Irmã Marginal, a canonical work in feminist studies, brings together — across essays, speeches, letters, and interviews — some of Audre Lorde’s most significant texts from 1976 to 1984. Deeply rooted in the experience of living on the margins of a “mythical norm” — white, thin, male, young, and heterosexual — Irmã Marginal focuses on redefining the notion of difference, not as something to be merely tolerated, but fully acknowledged as a dynamic, creative, and enriching human force. By expressing this difference through the interwoven categories of race, class, age, gender, and sexuality, Lorde urges us to break silences, transforming them into language and action. She leaves a profound mark on feminist thought and a legacy more relevant than ever today, drawing on the power of anger, the strength of eroticism, and poetry as a space of resistance.
Audre Lorde (1934–1992), a towering figure of Black feminism, was a renowned American poet and thinker.
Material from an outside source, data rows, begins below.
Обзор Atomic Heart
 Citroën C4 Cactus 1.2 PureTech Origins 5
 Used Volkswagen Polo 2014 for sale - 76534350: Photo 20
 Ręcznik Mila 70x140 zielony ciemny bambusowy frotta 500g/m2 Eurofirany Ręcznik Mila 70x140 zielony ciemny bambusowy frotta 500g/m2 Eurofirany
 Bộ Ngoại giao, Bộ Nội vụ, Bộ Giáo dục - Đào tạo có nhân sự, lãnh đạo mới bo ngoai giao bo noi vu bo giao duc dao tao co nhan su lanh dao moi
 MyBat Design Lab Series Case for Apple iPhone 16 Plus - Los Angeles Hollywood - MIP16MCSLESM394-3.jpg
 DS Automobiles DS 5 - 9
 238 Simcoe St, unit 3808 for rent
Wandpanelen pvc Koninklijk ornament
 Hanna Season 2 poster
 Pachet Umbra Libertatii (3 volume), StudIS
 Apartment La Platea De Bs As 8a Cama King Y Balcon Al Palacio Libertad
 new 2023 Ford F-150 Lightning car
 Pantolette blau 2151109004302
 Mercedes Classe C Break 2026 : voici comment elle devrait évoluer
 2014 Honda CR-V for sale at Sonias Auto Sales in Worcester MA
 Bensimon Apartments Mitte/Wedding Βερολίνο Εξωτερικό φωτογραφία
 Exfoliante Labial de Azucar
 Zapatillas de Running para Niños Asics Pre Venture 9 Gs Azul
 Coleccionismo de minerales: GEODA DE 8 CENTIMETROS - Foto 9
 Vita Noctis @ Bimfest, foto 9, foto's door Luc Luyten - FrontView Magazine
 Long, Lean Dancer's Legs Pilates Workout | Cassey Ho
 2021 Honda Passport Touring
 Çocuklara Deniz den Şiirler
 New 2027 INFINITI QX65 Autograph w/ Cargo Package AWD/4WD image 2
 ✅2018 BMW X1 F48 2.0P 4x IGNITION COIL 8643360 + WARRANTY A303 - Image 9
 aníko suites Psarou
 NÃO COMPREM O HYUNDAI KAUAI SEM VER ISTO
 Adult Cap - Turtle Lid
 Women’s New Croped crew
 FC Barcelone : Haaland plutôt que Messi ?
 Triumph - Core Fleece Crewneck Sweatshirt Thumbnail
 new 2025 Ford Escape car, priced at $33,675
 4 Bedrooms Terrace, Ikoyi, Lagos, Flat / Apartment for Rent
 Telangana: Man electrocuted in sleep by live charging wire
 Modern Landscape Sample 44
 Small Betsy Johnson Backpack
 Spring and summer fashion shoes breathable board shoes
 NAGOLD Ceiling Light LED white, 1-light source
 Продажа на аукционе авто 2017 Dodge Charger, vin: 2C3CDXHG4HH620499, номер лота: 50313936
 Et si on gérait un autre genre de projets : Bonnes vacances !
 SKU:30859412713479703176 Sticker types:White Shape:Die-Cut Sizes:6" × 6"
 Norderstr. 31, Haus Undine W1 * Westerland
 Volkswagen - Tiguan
A forerunner of intersectional theory and decolonial critique, she embraced her multifaceted identity, publicly presenting herself as a “Black lesbian mother warrior poet.” She dedicated her life to fighting racism, sexism, homophobia, and invisibility. A librarian and English professor, Lorde forged meaningful alliances and worked actively, leaving behind some of the most influential works in the development of contemporary feminist theory.
She received honorary doctorates from several universities and served as New York State Poet Laureate from 1991 to 1993. In 2020, she was posthumously honored with a place in the American Poets Corner at the Cathedral of St. John the Divine in New York City.